Tiro con l'arco in mezzo ai lecci del Parco fluviale del Padrongianus

25 agosto 2014

Quando ci s’inoltra nel Parco, lasciata l’auto al parcheggio, la prima cosa che appare sono alcuni giochi per bambini immersi tra i lecci.
A un primo sguardo si capisce che le piante sono giovani (15-20 anni). La disposizione a filari regolari mostra che si tratta di un impianto artificiale, risalente al primo progetto di creazione di un parco, ai tempi in cui la zona apparteneva alla Provincia di Sassari. Progetto all’epoca non compiutosi, ma dal cui impianto si è sviluppato anni dopo il parco attuale.
Inoltrandosi lungo il fiume, si nota la presenza di altri filari di lecci, probabilmente disposti con l’obiettivo di creare una zona d’ombra continua sul lastricato che cammina lungo una riva del Padrongianus.

È interessante notare che il Leccio (Quercus ilex) non è del tutto adatto ai terreni del Padrongianus, forse eccessivamente sabbiosi e comunque soggetti alla salinità marina, almeno nel tratto finale, dove si trova anche il Parco.
La vocazione naturale di questo tipo di terreno è data, per esempio, dalle numerose tamerici e dai giunchi, che spuntano dove possono, anche tra i lecci, soprattutto dopo l’onda di piena di novembre scorso, che ha portato con sé detriti, sabbie fluviali e numerosi semi. Lo stesso leccio sembra a volte manifestare una certa riottosità ad adattarsi alla zona, con improvvise seccaggini delle piante, soprattutto in vicinanza della riva.
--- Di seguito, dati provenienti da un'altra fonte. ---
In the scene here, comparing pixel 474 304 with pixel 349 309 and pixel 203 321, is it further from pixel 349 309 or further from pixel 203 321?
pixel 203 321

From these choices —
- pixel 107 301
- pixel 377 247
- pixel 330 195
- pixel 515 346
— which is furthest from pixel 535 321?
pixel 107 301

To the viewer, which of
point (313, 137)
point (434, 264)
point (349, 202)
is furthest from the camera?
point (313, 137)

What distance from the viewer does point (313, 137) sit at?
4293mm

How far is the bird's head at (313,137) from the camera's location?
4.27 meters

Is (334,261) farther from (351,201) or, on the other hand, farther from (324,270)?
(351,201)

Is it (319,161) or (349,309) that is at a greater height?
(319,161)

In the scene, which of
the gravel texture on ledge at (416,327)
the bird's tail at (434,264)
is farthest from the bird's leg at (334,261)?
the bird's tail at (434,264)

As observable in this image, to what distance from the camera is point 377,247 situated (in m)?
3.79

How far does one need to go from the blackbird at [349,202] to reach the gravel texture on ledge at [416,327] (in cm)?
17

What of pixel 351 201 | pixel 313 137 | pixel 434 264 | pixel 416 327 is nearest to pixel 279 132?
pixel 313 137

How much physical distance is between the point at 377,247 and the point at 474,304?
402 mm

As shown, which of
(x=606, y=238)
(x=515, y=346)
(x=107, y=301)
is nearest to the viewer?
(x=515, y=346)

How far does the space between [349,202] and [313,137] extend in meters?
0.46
Allora perché il Leccio? Premesso che le motivazioni della piantumazione originale non ci sono note, è utile prendere spunto da questo caso per ragionare su una pianta che riveste, come vedremo, un profondo significato per la Sardegna.
Si può dire che il Leccio, anche detto, con termine un po’ più arcaicheggiante, Elce, rappresenti l’albero principe delle foreste mediterranee, come ampiezza e maestosità. Presumibilmente, se non ci fosse intervento umano, diverse aree affacciate sul mare, dalla Sardegna all’Algeria, dalla Spagna e Francia alla Grecia, sarebbero caratterizzate da foresta a lecceto.
Quercia sempreverde a crescita lenta, può arrivare, una volta adulta, ai 25-30 metri di altezza e letteralmente “dominare” il terreno in cui vive, dato che la crescita del sottobosco e della macchia tende a essere limitata.
L’albero maturo emana un senso di mistero, antichità e potenza che doveva essere avvertito anche dagli antichi galluresi, come si nota nell’uso antico di tenere sotto una quercia secolare le riunioni di un antico sistema processuale locale, detto rasgioni.
Nella memoria orale sarda, poi, si trasmette la visione arcadica di un’isola anticamente ricca di foreste, soprattutto di leccio (la liccia in gallurese, s’èlighe in logudorese, s’ìlixi in campidanese). Patrimonio poi depauperato a partire dalla metà dell’800 con l’arrivo di taglialegna e carbonai dall’Italia centro-settentrionale.
Sebbene recenti studi dimostrino come lo stato delle foreste sarde non fosse idealmente florido neanche in passato, certo lo sfruttamento degli ultimi due secoli, peraltro continuato dalla popolazione rurale, normalmente dedita alla produzione di carbone fino a una cinquantina d’anni fa, deve avere avuto il suo peso sulle attuali condizioni della foresta sarda. Alcuni studiosi, inoltre, assegnano al disboscamento delle zone a monte la responsabilità di una maggiore disfunzionalità del regime isolano delle acque, con conseguente aumento di aree paludose verso mare e recrudescenza della malaria nell’isola. Condizione che ha interessato in modo particolare le campagne olbiesi, quindi anche le zone attorno alla foce del Padrongianus.
Questo insieme di vicende e idee, tra storia e valori simbolici, potrebbe avere influito sull’idea di rimboschire la riva del fiume a lecceto. Un più che legittimo desiderio di contribuire a ripopolare l’isola con un’essenza arborea così tipica. E poi, mettendo per un attimo da parte le riflessioni sulla naturalità nella presenza del leccio in questa zona, si osserva come, proprio nell’area del parco giochi, forse perché più distante dalle rive del fiume, le piante stiano in buona parte riuscendo ad attecchire. E se già ora, con alberi ancora giovani, si comincia a godere della loro ombra, tra venti-trenta anni esisterà lì un vero e proprio boschetto, a dare ristoro e frescura, anche in estate, ai visitatori. Con i bambini, chissà, a scorrazzare nelle piccole radure con altalene e scivoli, circondati dall’ombra dei lecci adulti.